[TASK PROMPT]: Everything from the line with "Au Naturale - Cool Mom Pearl Bead Bracelet" through the last line of the data below should be copied exactly, apart from the pictures.

== == ==

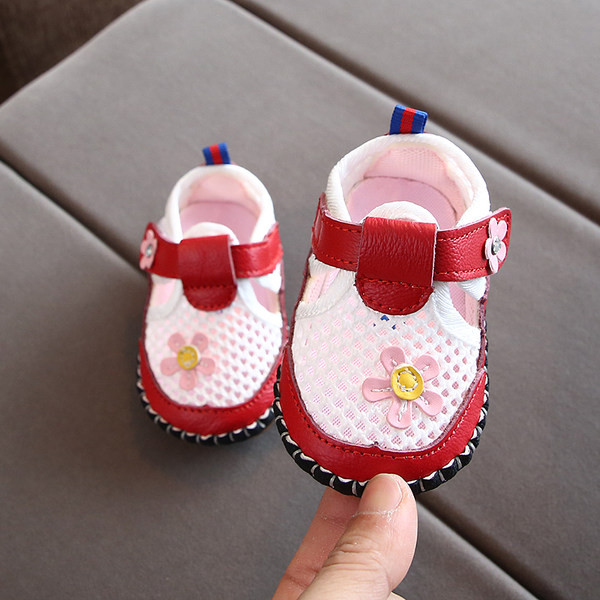 Elpojoši mazuļu apavi ar ziedu rotājumu un mīkstu zoli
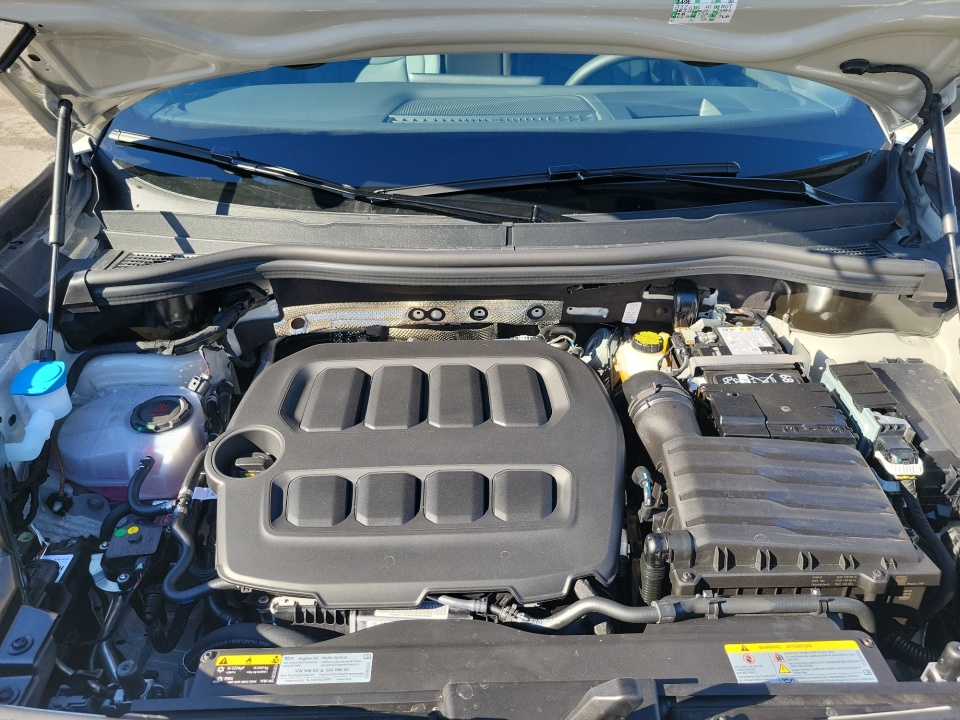 3VVGR7RM1TM013703 2026 Volkswagen Tiguan SE R-Line Black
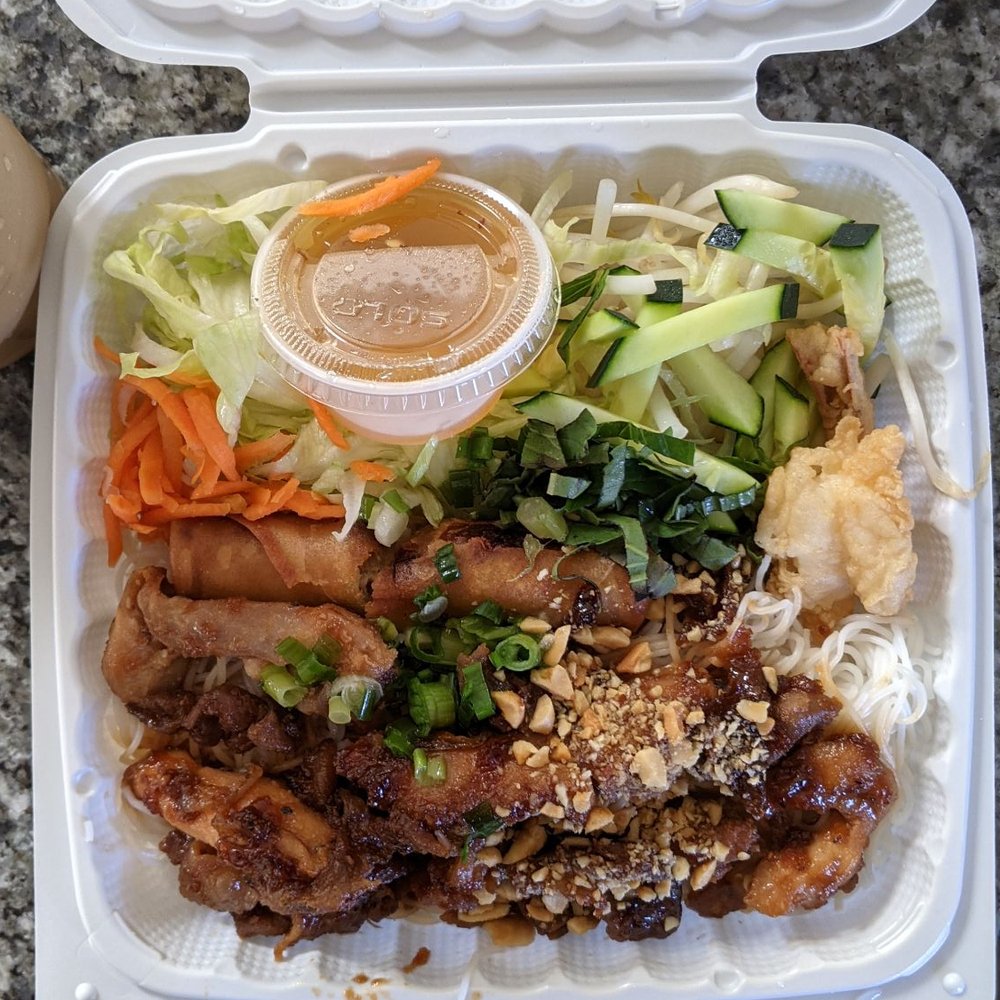 Le's Deli & Bakery - #19 House Special - Bún tôm thịt nớng chả giò - Vietnamese Near Me - Seattle, Washington Le's Deli & Bakery - #19 House Special - Bún tôm thịt nớng chả giò - Vietnamese Near Me - Seattle, Washington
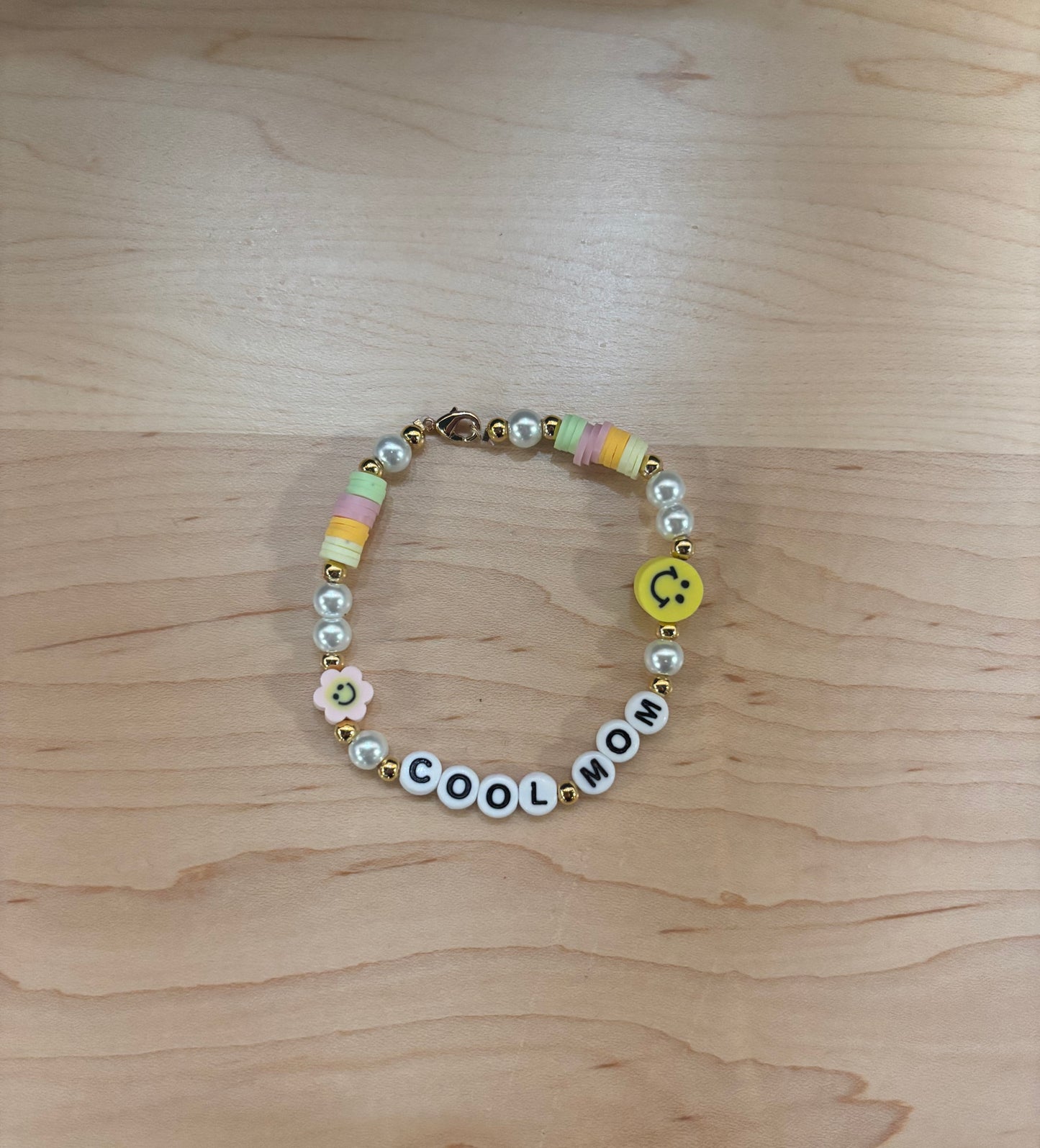 Au Naturale - Cool Mom Pearl Bead Bracelet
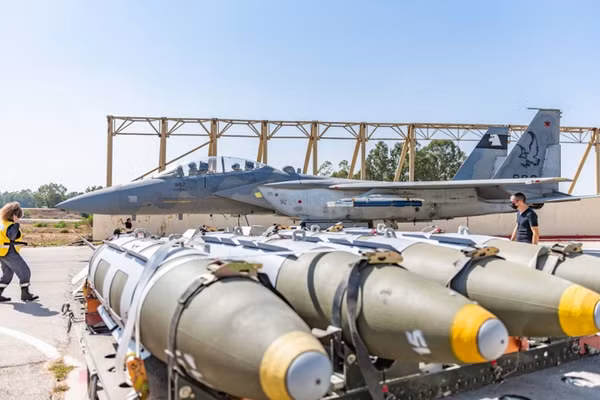 40.000 quả bom hạng nặng của Mỹ sắp tới Israel?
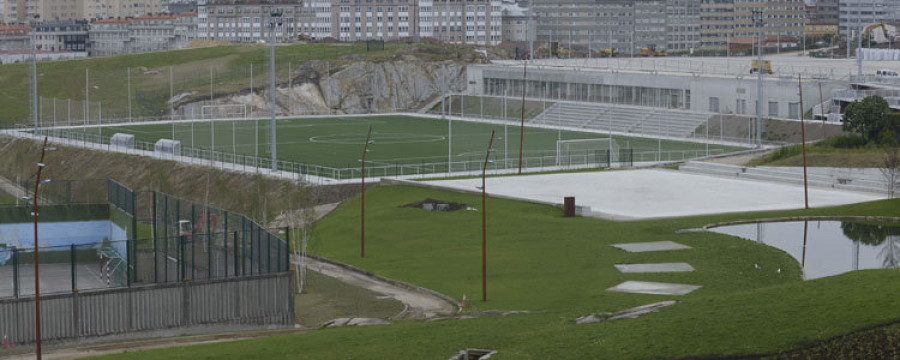 Los dos campos de fútbol de  San Pedro de Visma estarán disponibles en septiembre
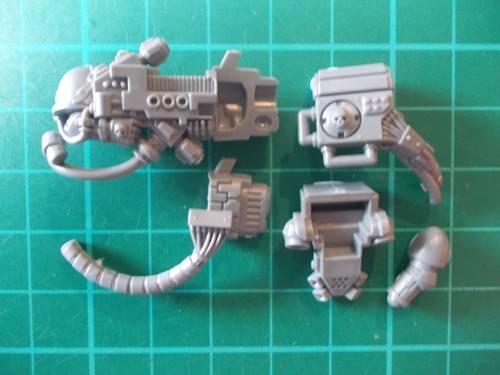 Warhammer 40k space marine - -,
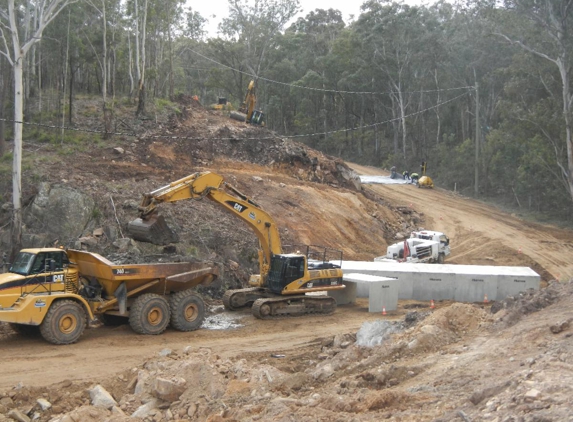 Gracey's Earthmoving & Excavations - Cowra, NSW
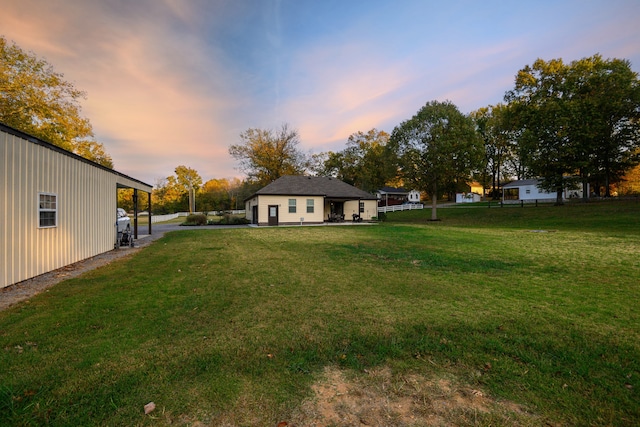 view of yard at dusk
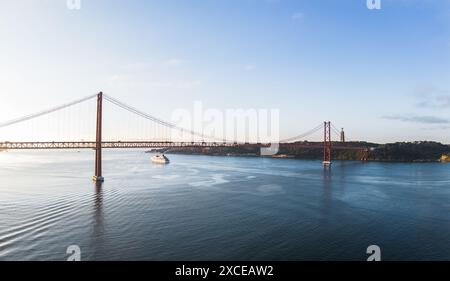 Pont du 25 avril dans le panorama aérien de Lisbonne Banque D'Images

== == ==

[YOUR RESPONSE]:
 Au Naturale - Cool Mom Pearl Bead Bracelet
 40.000 quả bom hạng nặng của Mỹ sắp tới Israel?
 Los dos campos de fútbol de  San Pedro de Visma estarán disponibles en septiembre
 Warhammer 40k space marine - -,
 Gracey's Earthmoving & Excavations - Cowra, NSW
 view of yard at dusk
 Pont du 25 avril dans le panorama aérien de Lisbonne Banque D'Images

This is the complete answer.